Sunday, September 27, 2009

Willow: Julia Hoban

SUMMARY (Courtesy of

Seven months ago, on a rainy March night, sixteen year- old Willow’s parents died in a horrible car accident. Willow was driving. Now her older brother barely speaks to her, her new classmates know her as the killer orphan girl, and Willow is blocking the pain by secretly cutting herself. But when one boy—one sensitive, soulful boy—discovers Willow’s secret, it sparks an intense relationship that turns the “safe” world Willow has created for herself upside down.
Told in an extraordinary fresh voice, Willow is an unforgettable novel about one girl’s struggle to cope with tragedy, and one boy’s refusal to give up on her.


Overall, not too bad. Sometimes I felt like things moved way too quickly and were disjointed between scenes but Willow's internal struggle and reasonings were well crafted. Its a hard topic and not easily broached but I thought it was done with taste here.

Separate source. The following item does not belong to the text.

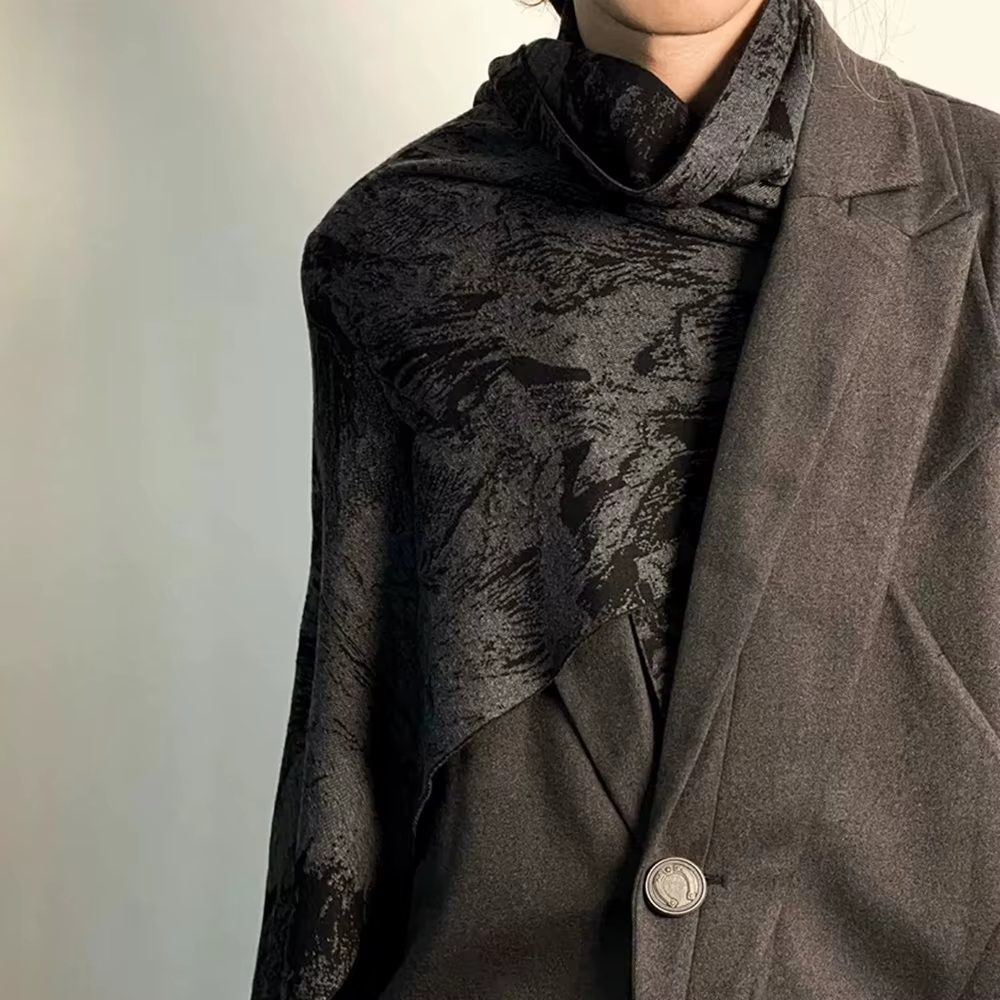 Écharpe longue en Imitation cachemire pour hommes, Style japonais, vent foncé, chaud, châle polyvale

It not only showed the effect cutting has on the person doing it and the psychological need for it- as well as the inability to properly explain it and the knowledge that until you are in that dissociated state of mind, it makes no sense- but also the way it effects others. The ending in my opinion was bitter sweet and I really liked the closing line although I felt there wasn't a full sense of closure.

This is one of those books that is mental more than anything which I did like. The writing pulled me in, making me feel what Willow did and I didn't find it repetitive or boring though I know a lot of mental stories tend to do that to readers.

There were a few scenes that were just outright powerful that will stick with me because of the way they were written, the content of them, and their role in the story. Watching Willow grow, both through herself and by interactions with others was moving and I really think this book should be read by any kind of teacher or educator- the cutting content is something many do not understand but it will show how to be helpful and compassionate towards the person rather than judgmental. It isn't just about recognizing the signs of a cutter- it is also about how to approach them and how to help them get past it. Understanding their need and reliance for cutting is the biggest part of the battle and I think this book, whether intentionally or not, will help people to do that.